Page 212 of A Curse of Ashes


Font Size:

And I let go of the anger. Of the need for vengeance. Calmness and clarity settled inside me.

“I serve Dea, the earth goddess. I am her champion and her savior, and you will not harm anyone in this city.”

Then I invoked the aspect that whispered into my mind.

“Dea Soteira.”

Savior.

And the savior aspect was unlike anything I had experienced so far. Power seemed to come directly from the ground through the soles of my feet until it filled my entire body. Green and swirling and mighty.

My sword immediately lit up again.

I wouldn’t weaken. There wouldn’t be any pain. I wasn’t going to pass out. I knew, in a way I couldn’t have explained to anyone else, that I could fight indefinitely with this ability.

It was the aspect I had been meant to wield.

Because this wasn’t about vengeance. It was about me filling the role the goddess had asked me to. My job wasn’t to get revenge. It was to save her people.

The power swirled into the sword and caused the flames to roar even higher, so strong that I had to momentarily look away. My hand was vibrating, trying to hold on to it.

“Luna, go help Xander,” I said.

I wouldn’t need her again.

She flew off and I began walking toward Artemisia. She swung her hammer up to deflect an arrow a soldier had shot at her.

She went to hit her hammer into the ground because it had worked so well for her before. But it was as if time were suspended—her movements seemed so slow to me. I remembered the words that Xander had said to me when we had sparred.

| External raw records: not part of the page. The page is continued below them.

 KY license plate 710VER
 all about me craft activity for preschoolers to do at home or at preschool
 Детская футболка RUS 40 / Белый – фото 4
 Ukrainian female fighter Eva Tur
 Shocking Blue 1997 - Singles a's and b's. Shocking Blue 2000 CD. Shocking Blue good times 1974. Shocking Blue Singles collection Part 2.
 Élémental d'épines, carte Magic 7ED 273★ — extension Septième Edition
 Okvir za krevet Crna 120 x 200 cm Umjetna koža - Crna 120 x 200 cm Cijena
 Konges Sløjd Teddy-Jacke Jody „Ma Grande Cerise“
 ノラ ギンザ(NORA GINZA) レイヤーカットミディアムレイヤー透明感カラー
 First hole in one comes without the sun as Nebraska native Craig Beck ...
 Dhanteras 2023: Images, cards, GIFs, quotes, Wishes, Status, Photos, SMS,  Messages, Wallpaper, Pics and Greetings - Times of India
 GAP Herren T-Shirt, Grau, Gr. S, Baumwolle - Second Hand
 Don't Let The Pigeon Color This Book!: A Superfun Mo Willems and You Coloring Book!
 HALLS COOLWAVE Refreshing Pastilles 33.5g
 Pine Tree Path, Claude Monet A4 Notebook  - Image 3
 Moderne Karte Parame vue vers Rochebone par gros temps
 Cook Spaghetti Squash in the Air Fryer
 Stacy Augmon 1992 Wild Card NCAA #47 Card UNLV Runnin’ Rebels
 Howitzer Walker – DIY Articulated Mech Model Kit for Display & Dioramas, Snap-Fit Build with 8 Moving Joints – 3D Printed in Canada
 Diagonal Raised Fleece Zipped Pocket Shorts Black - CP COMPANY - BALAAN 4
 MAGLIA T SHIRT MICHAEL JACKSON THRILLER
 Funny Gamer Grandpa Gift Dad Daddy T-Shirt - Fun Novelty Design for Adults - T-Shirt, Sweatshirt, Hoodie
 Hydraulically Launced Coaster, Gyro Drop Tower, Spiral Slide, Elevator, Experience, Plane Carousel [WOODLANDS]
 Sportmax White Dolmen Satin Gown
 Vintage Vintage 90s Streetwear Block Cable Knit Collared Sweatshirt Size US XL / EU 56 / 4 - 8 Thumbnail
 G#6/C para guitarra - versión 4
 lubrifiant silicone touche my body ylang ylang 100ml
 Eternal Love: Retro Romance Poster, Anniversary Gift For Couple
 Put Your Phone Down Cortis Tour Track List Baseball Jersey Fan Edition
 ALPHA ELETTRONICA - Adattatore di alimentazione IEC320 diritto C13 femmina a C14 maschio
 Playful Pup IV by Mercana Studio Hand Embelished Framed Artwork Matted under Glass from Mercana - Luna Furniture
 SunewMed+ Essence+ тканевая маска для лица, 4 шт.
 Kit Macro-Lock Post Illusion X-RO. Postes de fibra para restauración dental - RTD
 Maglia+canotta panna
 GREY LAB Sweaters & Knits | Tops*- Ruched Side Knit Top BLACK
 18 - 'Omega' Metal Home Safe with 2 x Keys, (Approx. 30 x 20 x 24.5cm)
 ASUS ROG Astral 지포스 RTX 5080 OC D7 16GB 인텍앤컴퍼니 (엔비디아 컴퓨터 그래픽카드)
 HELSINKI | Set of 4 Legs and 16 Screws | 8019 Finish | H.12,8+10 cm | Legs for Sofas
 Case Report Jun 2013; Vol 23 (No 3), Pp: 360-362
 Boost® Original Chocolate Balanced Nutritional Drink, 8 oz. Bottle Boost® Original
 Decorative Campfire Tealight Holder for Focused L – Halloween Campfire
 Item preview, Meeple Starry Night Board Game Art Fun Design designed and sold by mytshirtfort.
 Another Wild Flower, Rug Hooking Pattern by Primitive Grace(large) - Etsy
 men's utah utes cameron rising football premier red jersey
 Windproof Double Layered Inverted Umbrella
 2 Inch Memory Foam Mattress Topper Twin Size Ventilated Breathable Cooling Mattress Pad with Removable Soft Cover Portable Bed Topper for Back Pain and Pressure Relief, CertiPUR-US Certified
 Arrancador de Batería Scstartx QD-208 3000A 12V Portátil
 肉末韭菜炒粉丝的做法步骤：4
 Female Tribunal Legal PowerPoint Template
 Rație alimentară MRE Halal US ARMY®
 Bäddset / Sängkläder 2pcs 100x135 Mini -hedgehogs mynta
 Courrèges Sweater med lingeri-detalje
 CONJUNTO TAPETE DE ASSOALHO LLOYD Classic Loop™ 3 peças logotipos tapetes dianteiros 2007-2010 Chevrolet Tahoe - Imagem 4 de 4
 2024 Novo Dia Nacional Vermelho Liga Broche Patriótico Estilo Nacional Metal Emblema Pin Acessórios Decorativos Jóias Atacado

Rely on your senses, your instinct.

I did. I pointed my sword, and the flames shot straight at her. She had to jerk to one side to avoid being hit.

“Enough games!” she screamed at me. “You will die!”

“I’ve already died. I’m not worried about you.”

“Your goddess will not protect you!”

She already was. “Your god has abandoned you.”

Artemisia raised her hammer and brought it down quickly at me. I met her and blocked the movement with my sword. The two god-weapons were interlocked and responding to one another, power surging around them.

Then there was a release of kinetic energy that pushed both of us back.

She yelled and came at me again, aiming for my head, but I easily sidestepped out of the way.

Something Antiope had once said in training came to me.

The closer you are to the opponent, the smaller the weapon should be.

And it was easy to see why. The hammer was unwieldy, unbalanced. The heaviness of it cost Artemisia precious seconds to pull it back into an attack position, leaving her open.

My sword did the opposite. The weight was distributed perfectly, letting me swing it at her without having to compensate. She spent more time getting out of my way than she did trying to hit me.

Stupid girl, speed is the most important thing in a fight!

I knew better than to let that hammer make contact with my body. If it did, I was finished.